Thursday, 5 September 2013

Porn is no substitute for good sex education - LOUISE MCCUDDEN

Accessed 5th September 2013

Porn is no substitute for good sex education

Girls are learning their sexuality is something they perform for
others, instead of something they own
A study by the NSPCC has found that porn is negatively impacting young people – especially girls.
The study found that nearly a third of pupils (aged 11-18) surveyed said porn “dictates how people should behave in a relationship,” and 32 per cent said it “affects how they act” with their partner.  But the most troublesome finding is summarised by the NSPCC’s Claire Lilley, who warns porn is teaching “boys that girls are for sexual gratification, whilst girls feel they have to look and perform like ‘porn stars’ to be liked and valued by boys.”  
As people react to the study, the focus, as usual, ends up being on porn itself (“Can porn be feminist?” “Why are we so squeamish about porn?” “I like pornand I’m a good person!”), but the porn debate isn’t the point.
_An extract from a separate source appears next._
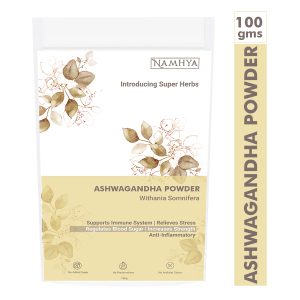 Product: Namhya Natural Ashwagandha Powder for Overall Immunity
The point, according to this study, is that because of whatever porn they are watching, too many girls are learning sex is about impressing boys – as opposed to, say, having a good orgasm. Girls are learning their sexuality is something they perform for others, instead of something they own. They are learning that sex is about being an object, not an agent.
Feminists get asked about objectification a lot. Or to put it more accurately, we get a lot of sneering assertions that objectification doesn’t exist, usually in the same breath as unashamed ignorance about what the word actually means.
Porn isn’t new but young people having this level of access to it is, and the line between porn and other media has become so blurred it isn’t always clear to adults, let alone kids, which is which. Porn and the pornified entertainment industry are taking the place of informed sex and relationship education.
The NSPCC survey found young people are three times more likely to seek out their sexual education online than to ask questions of their teachers, parents, or carers. How curious that the people who call us prudes or sex-haters for questioning whether a sex education that consists of face-spunking and songs about bubble butts really gives the healthiest understanding of sexual consent are so often the same people to reach for the smelling salts when we suggest the radical idea that parents make sure they discuss sex properly with their own kids. 
Of course, not all parents will, which is why all this needs to be part of the school curriculum, too. And by “all this” I mean SRE that includes not just saying yes and saying no, but also hearing and accepting both yes and no, without judgment. SRE that includes enthusiastic consent, pleasure, and the importance of the clitoris. Again, there may or may not be porn like that. But that’s not what young people are watching, and it’s not the message they’re taking from what they do watch.
This survey by NSPCC – a children’s charity, by the way, with no particular axe to grind against porn in general - shows that young people are learning objectification. Objectification isn’t about sex or nudity. The difference between being an object and an agent is the difference between Robin Thicke’s Blurred Lines video and the Ask First (Consent is Sexy) riposte.  Objectification isn’t actually a tough concept. You know what an object is. Perhaps you are one of these people who thinks it’s about wanting women to be chaste or cover up? That inability to distinguish between a culture that nearly always shows women posing for you to look at, and a culture that embraces women expressing our own sexualities perfectly exemplifies the mess we’re in.
Before you leap into the “porn debate” to talk about how the only alternative to mainstream, repeated conflation of sex with objectification is covering women from head to toe and calling us sluts, remember that the NSPCC didn’t find girls are becoming more sexually liberated, or enjoying more sexual pleasure. They didn’t find that girls are no longer shamed as “sluts” because porn broadens everyone’s minds.
They found that girls “feel they have to look and act like porn stars”, for the pleasure of boys. In fact, if anything, the consumers of porn, lads’ mags and strip clubs are often the worst offenders for calling women “sluts” and “whores”. If that surprises you, it shouldn’t –after all, “slut” is just the other side of the same sexist coin that calls women “frigid” or “prude”. And if young people pick up the message that there’s an automatic correlation between consuming porn and taking a progressive attitude to sex, if young people get the impression that sexism and objectification are an essential, normal part of sex, that’s not surprising either. They’re getting those ideas directly from us.